YOUR OBJECTIVE:
Transcribe the full listing below, word for word, without pictures.

DATA PROVIDED: Begin

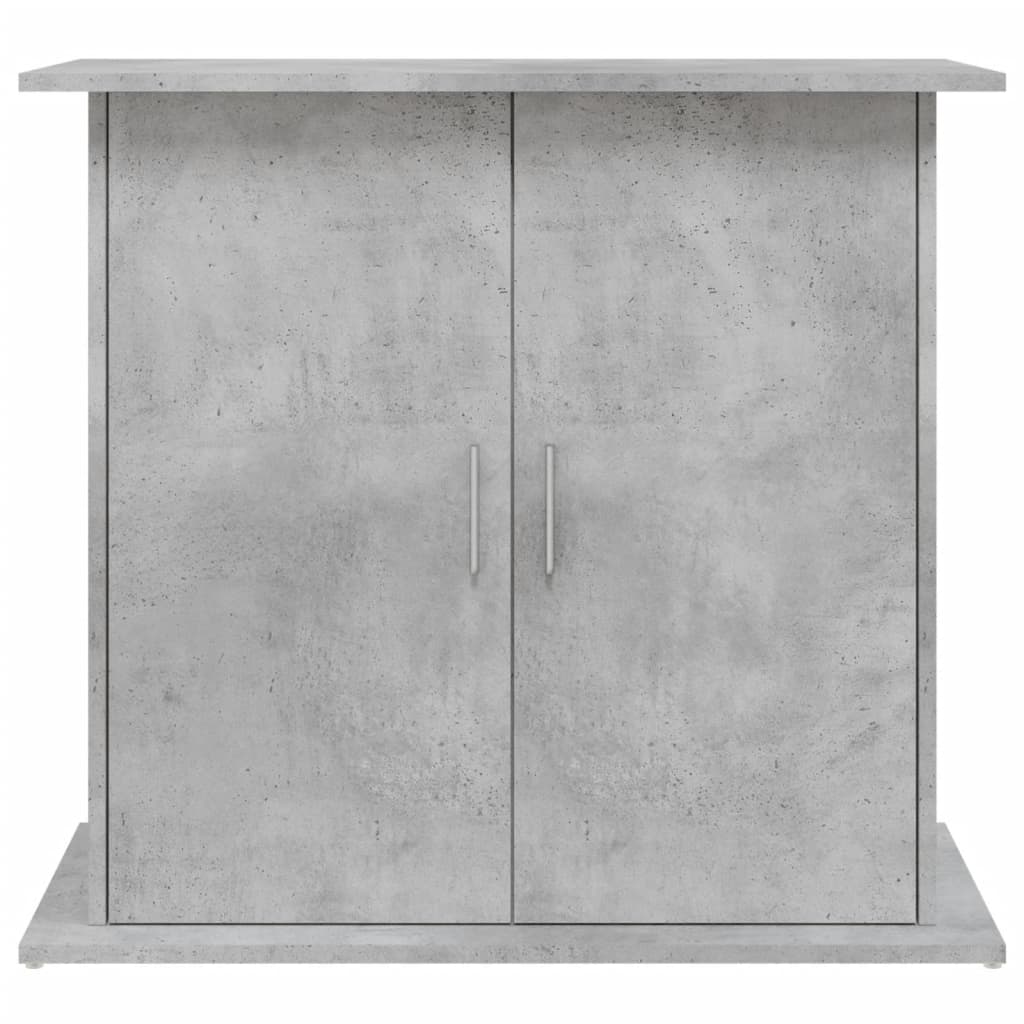 Aquariumstandaard 81x36x73 cm bewerkt hout betongrijs Aquariummeubels | Creëer jouw Trendy Thuis | Gratis bezorgd & Retour | Trendy.nl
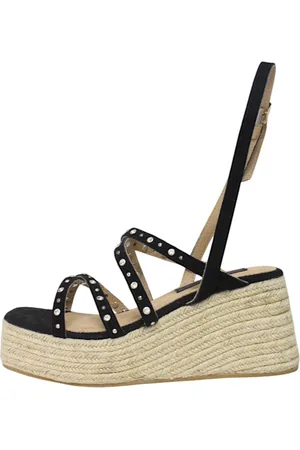 Colors of California Dames, Schoenen, Zwart, Maat: 38 EU Leer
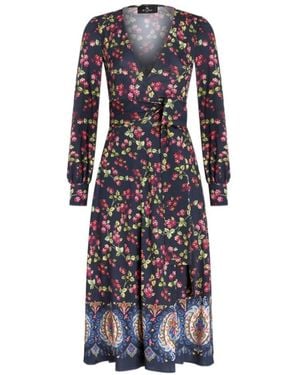 Etro Jersey Wrap Dress - Multicolor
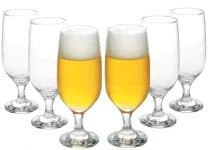 Conjunto de Taças de Vidro para Cerveja 6 Peças – 300ml Nadir Floripa na Magazine Luiza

DATA PROVIDED: End

RESPONSE TO THE EXERCISE:
 Aquariumstandaard 81x36x73 cm bewerkt hout betongrijs Aquariummeubels | Creëer jouw Trendy Thuis | Gratis bezorgd & Retour | Trendy.nl
 Colors of California Dames, Schoenen, Zwart, Maat: 38 EU Leer
 Etro Jersey Wrap Dress - Multicolor
 Conjunto de Taças de Vidro para Cerveja 6 Peças – 300ml Nadir Floripa na Magazine Luiza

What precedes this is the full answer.